An informational interview is a conversation with a professional currently employed in an organization or industry you are considering. Informational interviews can fulfill the following objectives while researching licensure requirements:
- Help you decide if you would like to pursue a career in a specific career field
- Assist you in the process of narrowing your focus within the broader field of counseling and psychology
- Provide you with information on the credentials needed to work within a specific career field or for a specific employer
- Provide you with information about the steps towards licensure in your state
- Build your confidence in conducting professional conversations
- Expand your network of professional contacts
- Provide you with information and guidance on starting your own private practice
Who to Interview
The following are some strategies for locating individuals to contact:
- Use your network. Talk with your friends, relatives, learners and alumni of current and past schools, professors, co-workers, former co-workers or neighbors. Ask if they know anyone working in the industry you're considering. If they do, ask for a phone number or email address.
- Licensing board directories. Many state licensing board websites have directories which you can use to search for someone holding a specific license. Use these directories to locate a professional in your community.
- Professional association websites. Most states have chapters of national associations related to your field of interest. By visiting their website, you are often able to find a list of active members and people leading the organization.
- Professional association events. If you don't find someone to interview at the event, you'll likely obtain a few phone numbers of potential interviewees. A professional organization event is a great place to find many individuals in your targeted industry all in the same room!
- Read your local news.
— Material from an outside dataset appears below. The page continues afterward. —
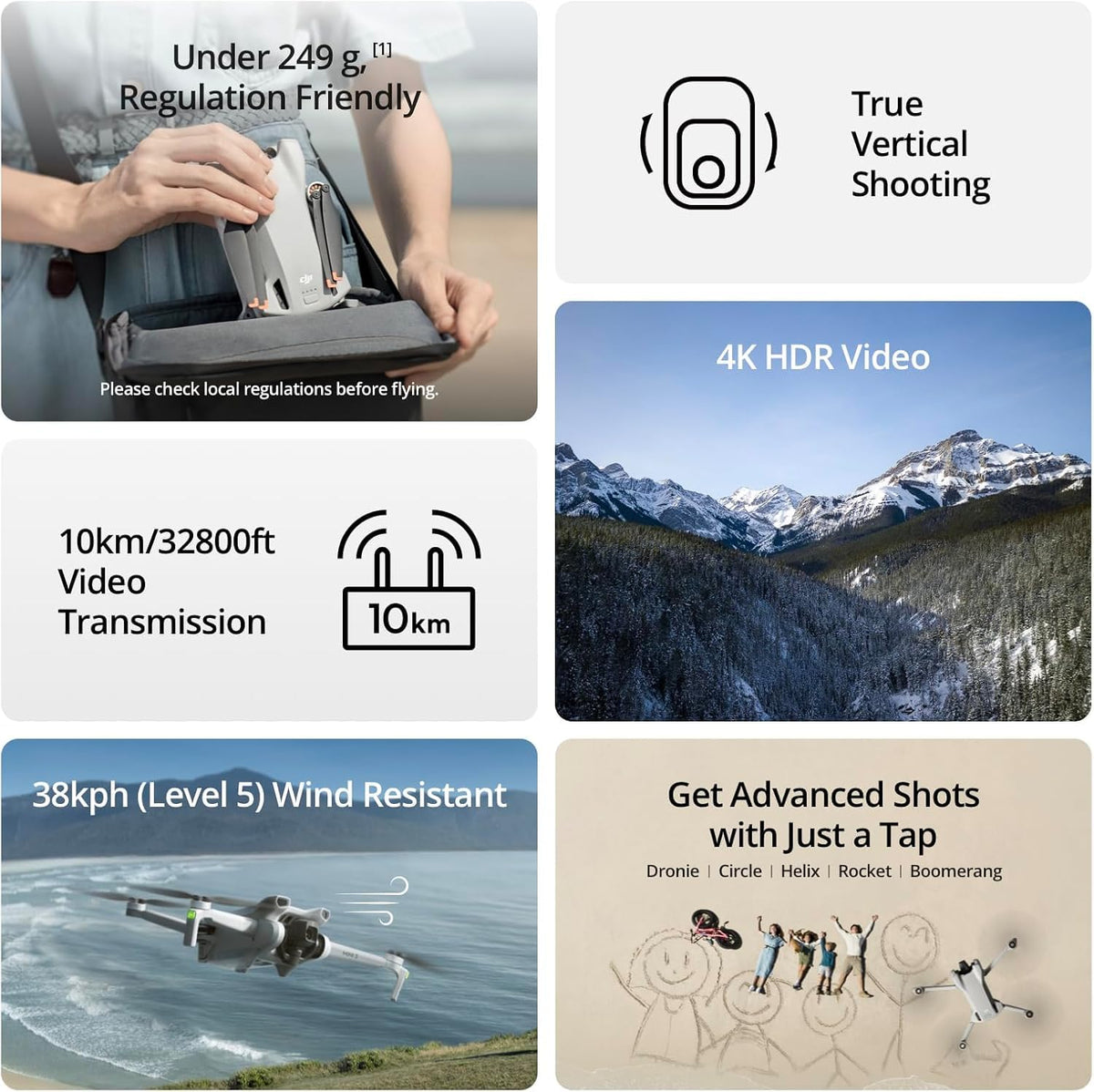 Mini 3 Drone with Camera 4K V758936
Look in the business section for biographies of people in your field of interest. Magazines also often contain features profiling local professionals.
- Call around. Use the yellow pages or an organizational directory to find phone numbers. You can also call an organization and ask for the name of the person you'd like to speak with by job title.
Scheduling an Informational Interview
Informational interviews can be scheduled by phone or email. In your initial phone call or email message, remember to:
- Tell the person how you obtained their name or contact information.
- Explain that you are interested in the career field would like to learn more about it.
- Ask for between twenty and thirty minutes of the person's time.
- Express your appreciation for any information they have to offer.
- Be prepared for a response suggesting you contact Human Resources or the organization website. Politely explain that you are not looking for job openings, but would like to gather information.
- It may be helpful to prepare a 'phone script' before calling. Following is a sample to help you get started:
- "Hello, my name is David Kerry. I got your phone number from Cheryl Johnson, who thought you would be a good person for me to talk to about the field of counseling. I'm currently enrolled in a Masters program and am in the process of making some career decisions. I would like to speak to someone currently working in the field to learn more. May I set up a 20-30 minute appointment with you at your convenience?"
Preparing for an Informational Interview
Much like a job interview, informational interviews require careful preparation. You will want to take the following steps to ensure you get the most out of the interview:
- Research the industry. Pay attention to required skills and education, product(s) produced, salary ranges and hiring trends.
- Research the individual. If possible, find out some information about the person with whom you will be speaking
- Plan the questions you'd like to ask. Bring a list of questions with space to take notes. For a list of suggested questions download sample Information Gathering Questions.
- Bring your business card. Leave the interviewee with a way to contact you should they think of you for a position in the future. Also, remember that they have given up time in their schedule to meet with you. Let them know that if there is anything you can do to repay them in the future; they should feel free to contact you!
The Informational Interview
Remember that you asked for this meeting, so you will "lead" the meeting. Begin by thanking them for taking the time to meet with you. Then give them a brief (1 minute or so) overview of your background and what areas you are now exploring. Tell them you have written down a list of questions and then begin!
Helpful hints for conducting your interview:
- Dress as you would for an actual job interview.
- Plan to arrive a few minutes early.
- Ask for the names of other networking contacts.
- Before you leave, ask the person for a business card so that you can follow up.
- Send a thank you note! Within a few days, send a note expressing appreciation and asking the contact to keep you in mind if they come across any other helpful information.
- Evaluate the conversation. Think about what you learned and how the information might affect your career decisions. Do you have the skills and interest to work in this field? What action do you need to take to get into the organization/industry? Did you learn about a specific license or certification needed for the career? Are there other people you should contact?
- Keep the door open. Send a follow-up e-mail or note to your contact to update them after you've had a chance to conduct further research.
- Update your records. Maintain a list of networking contacts and their email addresses and phone numbers. Your records should also include the interview questions you asked and the information you gained. If resources or references were provided, include those here as well.
Capella University cannot guarantee licensure, certification, or endorsement. State regulations vary regarding professional licensure and salary benefits. It is learners' responsibility to understand and comply with requirements for their state.